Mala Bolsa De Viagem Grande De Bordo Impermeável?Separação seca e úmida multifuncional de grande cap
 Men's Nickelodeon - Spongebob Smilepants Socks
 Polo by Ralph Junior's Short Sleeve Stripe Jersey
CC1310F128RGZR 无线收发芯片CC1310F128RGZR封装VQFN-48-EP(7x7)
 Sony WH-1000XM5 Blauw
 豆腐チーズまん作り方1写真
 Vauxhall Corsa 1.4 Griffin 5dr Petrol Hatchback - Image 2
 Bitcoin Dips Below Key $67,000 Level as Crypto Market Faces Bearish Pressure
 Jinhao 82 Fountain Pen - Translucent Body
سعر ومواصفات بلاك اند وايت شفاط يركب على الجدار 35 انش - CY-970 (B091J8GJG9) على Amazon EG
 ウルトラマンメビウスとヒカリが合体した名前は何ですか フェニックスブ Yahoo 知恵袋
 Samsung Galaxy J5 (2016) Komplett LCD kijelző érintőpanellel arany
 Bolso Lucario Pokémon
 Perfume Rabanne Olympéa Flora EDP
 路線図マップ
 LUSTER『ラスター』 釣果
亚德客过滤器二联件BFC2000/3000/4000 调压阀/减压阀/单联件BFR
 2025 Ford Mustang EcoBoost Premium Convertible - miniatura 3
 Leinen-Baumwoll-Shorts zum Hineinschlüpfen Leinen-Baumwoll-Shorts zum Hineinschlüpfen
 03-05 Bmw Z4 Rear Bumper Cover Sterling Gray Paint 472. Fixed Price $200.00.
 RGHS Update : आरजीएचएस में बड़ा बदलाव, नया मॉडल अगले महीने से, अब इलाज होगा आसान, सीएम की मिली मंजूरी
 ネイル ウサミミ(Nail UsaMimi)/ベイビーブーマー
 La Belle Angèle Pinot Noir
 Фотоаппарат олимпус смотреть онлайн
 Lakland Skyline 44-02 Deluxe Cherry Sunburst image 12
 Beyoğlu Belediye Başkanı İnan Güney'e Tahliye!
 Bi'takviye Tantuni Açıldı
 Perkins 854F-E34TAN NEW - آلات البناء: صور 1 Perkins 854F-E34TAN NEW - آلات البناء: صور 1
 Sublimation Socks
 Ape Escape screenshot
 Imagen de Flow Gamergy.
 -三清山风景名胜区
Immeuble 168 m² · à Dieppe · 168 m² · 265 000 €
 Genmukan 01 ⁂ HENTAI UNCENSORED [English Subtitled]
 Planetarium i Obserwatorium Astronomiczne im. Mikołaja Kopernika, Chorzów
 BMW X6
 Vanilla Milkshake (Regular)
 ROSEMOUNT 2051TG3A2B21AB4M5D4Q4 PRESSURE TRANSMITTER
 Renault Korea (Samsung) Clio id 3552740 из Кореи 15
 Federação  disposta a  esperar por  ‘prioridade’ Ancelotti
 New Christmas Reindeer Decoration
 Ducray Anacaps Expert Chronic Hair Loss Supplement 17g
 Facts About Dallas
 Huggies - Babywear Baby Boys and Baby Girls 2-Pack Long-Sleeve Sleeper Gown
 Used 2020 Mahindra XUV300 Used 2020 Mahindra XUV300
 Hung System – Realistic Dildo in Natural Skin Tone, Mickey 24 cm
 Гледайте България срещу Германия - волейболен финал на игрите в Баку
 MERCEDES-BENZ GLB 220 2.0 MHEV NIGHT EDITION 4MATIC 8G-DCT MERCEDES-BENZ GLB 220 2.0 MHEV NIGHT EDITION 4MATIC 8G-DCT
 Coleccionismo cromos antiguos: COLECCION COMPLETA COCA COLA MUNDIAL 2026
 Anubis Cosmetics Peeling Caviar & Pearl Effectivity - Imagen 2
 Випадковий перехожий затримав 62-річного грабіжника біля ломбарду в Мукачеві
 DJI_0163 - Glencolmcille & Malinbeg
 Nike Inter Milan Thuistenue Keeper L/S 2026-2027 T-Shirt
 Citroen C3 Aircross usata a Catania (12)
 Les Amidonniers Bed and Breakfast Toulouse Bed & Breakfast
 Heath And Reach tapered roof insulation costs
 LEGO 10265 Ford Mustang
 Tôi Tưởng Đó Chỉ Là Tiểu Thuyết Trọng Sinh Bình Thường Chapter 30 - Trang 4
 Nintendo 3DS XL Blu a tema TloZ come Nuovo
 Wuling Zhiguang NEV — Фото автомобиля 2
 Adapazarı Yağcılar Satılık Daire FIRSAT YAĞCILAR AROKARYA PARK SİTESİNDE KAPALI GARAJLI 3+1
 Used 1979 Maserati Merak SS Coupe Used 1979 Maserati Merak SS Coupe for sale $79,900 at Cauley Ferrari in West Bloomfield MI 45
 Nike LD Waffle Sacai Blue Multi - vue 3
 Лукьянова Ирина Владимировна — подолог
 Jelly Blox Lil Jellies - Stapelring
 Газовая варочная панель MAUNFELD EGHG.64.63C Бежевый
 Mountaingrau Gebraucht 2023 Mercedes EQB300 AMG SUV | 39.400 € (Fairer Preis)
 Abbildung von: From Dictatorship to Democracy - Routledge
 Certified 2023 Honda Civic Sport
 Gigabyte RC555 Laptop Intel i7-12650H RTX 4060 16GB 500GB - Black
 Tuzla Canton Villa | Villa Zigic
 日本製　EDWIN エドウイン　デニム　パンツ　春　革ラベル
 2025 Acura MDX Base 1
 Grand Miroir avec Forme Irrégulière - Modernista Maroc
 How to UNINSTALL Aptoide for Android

★ ★ ★ ★

= Directions for this task =
Output only an exact transcription of the lines above from the one with "Facts About Dallas" up to and including the one with "Гледайте България срещу".

= Answer for this exercise =
 Facts About Dallas
 Huggies - Babywear Baby Boys and Baby Girls 2-Pack Long-Sleeve Sleeper Gown
 Used 2020 Mahindra XUV300 Used 2020 Mahindra XUV300
 Hung System – Realistic Dildo in Natural Skin Tone, Mickey 24 cm
 Гледайте България срещу Германия - волейболен финал на игрите в Баку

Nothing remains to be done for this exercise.